======== GIVEN INFORMATION
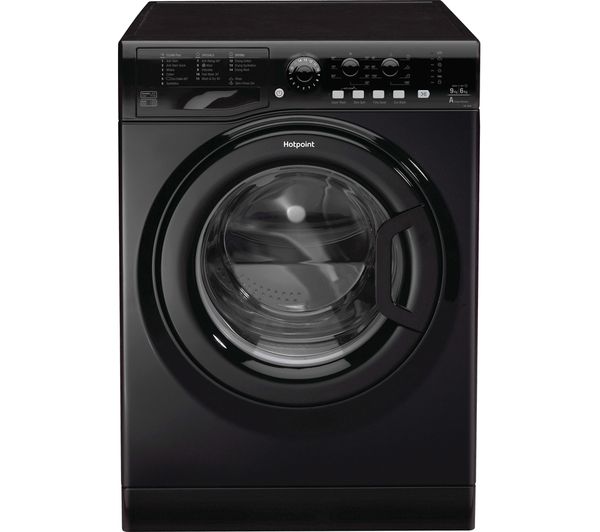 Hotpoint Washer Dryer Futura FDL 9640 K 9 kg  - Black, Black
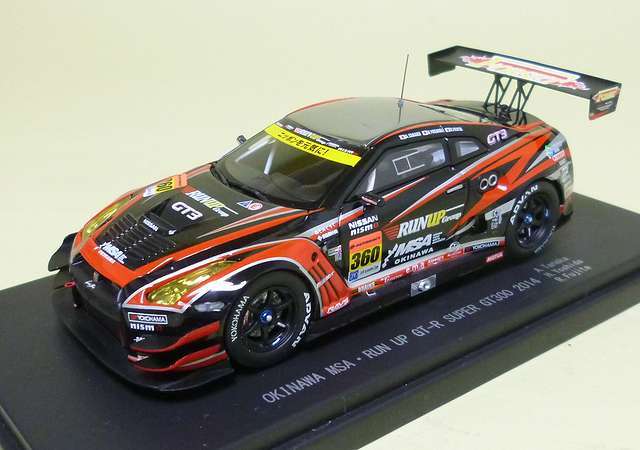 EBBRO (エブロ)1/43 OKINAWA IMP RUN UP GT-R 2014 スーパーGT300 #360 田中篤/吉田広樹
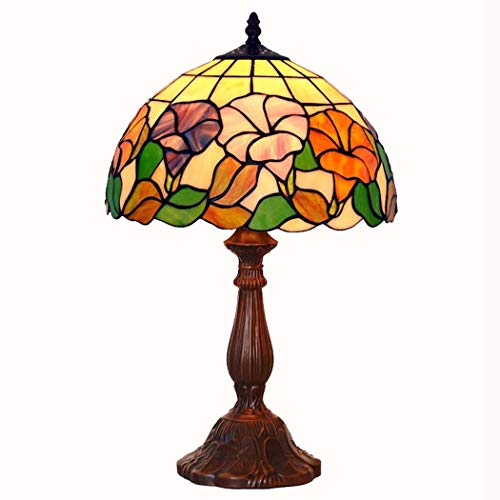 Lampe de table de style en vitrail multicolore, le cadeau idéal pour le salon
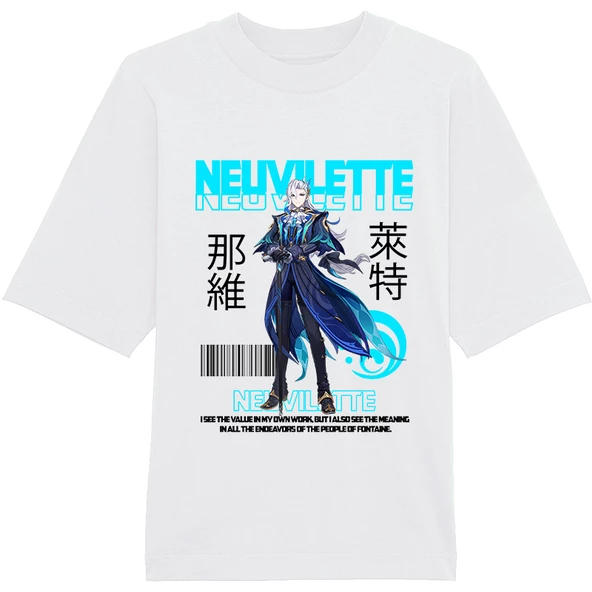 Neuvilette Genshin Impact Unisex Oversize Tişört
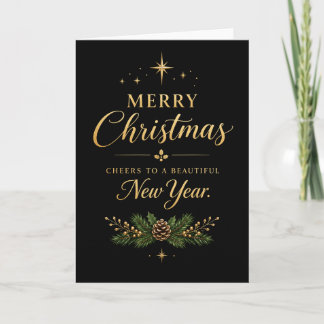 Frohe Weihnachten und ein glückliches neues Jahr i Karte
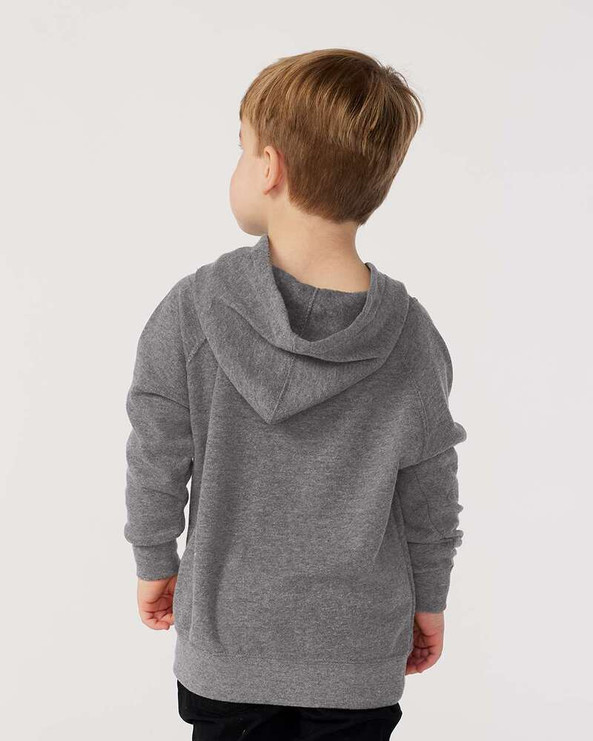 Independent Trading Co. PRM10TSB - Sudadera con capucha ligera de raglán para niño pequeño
================
**EXERCISE DESCRIPTION:**
Extract, word for word, each line from the one that contains "Lampe de table" through the final line of the data above. Leave the pictures out.

**ANSWER:**
 Lampe de table de style en vitrail multicolore, le cadeau idéal pour le salon
 Neuvilette Genshin Impact Unisex Oversize Tişört
 Frohe Weihnachten und ein glückliches neues Jahr i Karte
 Independent Trading Co. PRM10TSB - Sudadera con capucha ligera de raglán para niño pequeño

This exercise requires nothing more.